In Quebec, eating disorders affect about 3 percent of girls and women between the ages of 13 and 30. If partial manifestations of the disorders are taken into account, this figure can easily be tripled.
As a general rule, eating disorders:
- Start in adolescence or young adulthood
- Occur in developing countries, but are more prevalent in the industrialized world
- Affect all socioeconomic classes equally
- Are experienced by people of all cultures
- Women are more likely than men to develop anorexia and bulimia (by a ratio of 9:1)
- Binge eating disorder affects approximately two men to three women, who, on average, are in their forties.
Eating disorders are caused by a combination of different factors. Here is a summary.
Biological factors. Weight problems, genetics, family history of anxiety, depression and eating disorders.
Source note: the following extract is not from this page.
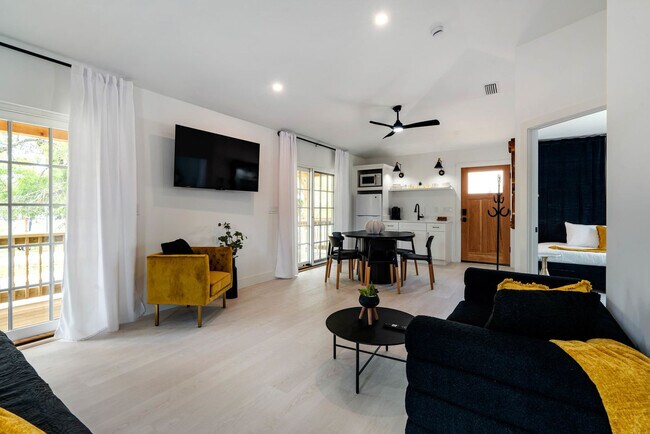 Foto del edificio - 28 W Castillo Dr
Social factors. Ideal of beauty, cultural fixation on thinness and the promotion of miracle diets contribute to strong societal pressure to be thin. While not the single cause or the trigger, family influence can also be involved.
Psychological factors. Low self-esteem, fear of not measuring up, need for control, solitude, anger, fear of growing up, perfectionism and extreme sensitivity to the opinions of others.
Anorexia and bulimia
Anorexia, as we know, is characterized by a refusal to maintain a healthy body weight for one’s age and height, a fear of getting fat, a distorted body image and, for some women, the absence of menstruation. Some people suffering from anorexia will have a bulimic phase involving laxative use or induced vomiting.
Bulimia involves recurring episodes of binge eating, whereby excessive amounts of food are consumed in a very short period of time – amounts much greater than anyone would normally eat in a single sitting. Due to the subsequent sense of shame and loss of control experienced by those with bulimia, the binge eating is then followed by compensatory behaviour, such as self-induced vomiting, misuse of laxatives, exercise or fasting. This explains why most sufferers have a normal weight or are only slightly overweight.
Lesser-known eating disorders
The American Psychiatric Association (APA), which authored the Diagnostic and Statistical Manual of Mental Disorders (DSM), has long classified anorexia and bulimia as eating disorders. It has also recently added binge eating disorder to the list. Additional disorders not yet recognized by the APA are emerging and appear to stem from certain trends in society.
Binge eating disorder. Similar to bulimia, binge eating disorder also entails periods of excessive food consumption followed by guilt and shame. Unlike bulimia, however, it is not accompanied by compensatory behaviour (vomiting, laxative use, exercise, fasting, etc.). An estimated 10 percent of the general population – approximately 30 to 50 percent of people suffering from obesity – are believed to have this disorder.
Orthorexia. Orthorexia begins with an interest in healthy eating but becomes a growing fixation on nutrition and healthy foods, deeming some “good” and others “bad.” People with this eating disorder are obsessed with meal planning and the nutritional content of food, even refusing to eat anything if they judge the food unhealthy.
Anorexia athletica. Similar to classic anorexia, this eating disorder involves fear of weight gain, distorted body image, significant dietary restrictions and compensatory behaviour associated with excessive exercising.
Muscle dysmorphia. More common in men, muscle dysmorphia is an abnormal preoccupation with being muscular. It entails an unrealistic body image, leading to excessive physical training, an exaggerated focus on diet and an intake of supplements to increase weight and muscle mass.
Eating disorders are treated with a variety of therapeutic approaches: psychoeducation, behavioural or cognitive therapy, relaxation techniques, medication, etc.
Since eating disorders can have severe consequences for a person’s physical and mental health, it is important to obtain a diagnosis and treatment in a timely manner. If you think you or someone you love suffers from an eating disorder, consult your doctor.
In some cases, pharmacists are able to detect an eating disorder in one of their patients and refer them to the appropriate resource for help. Your family pharmacist is always there for you!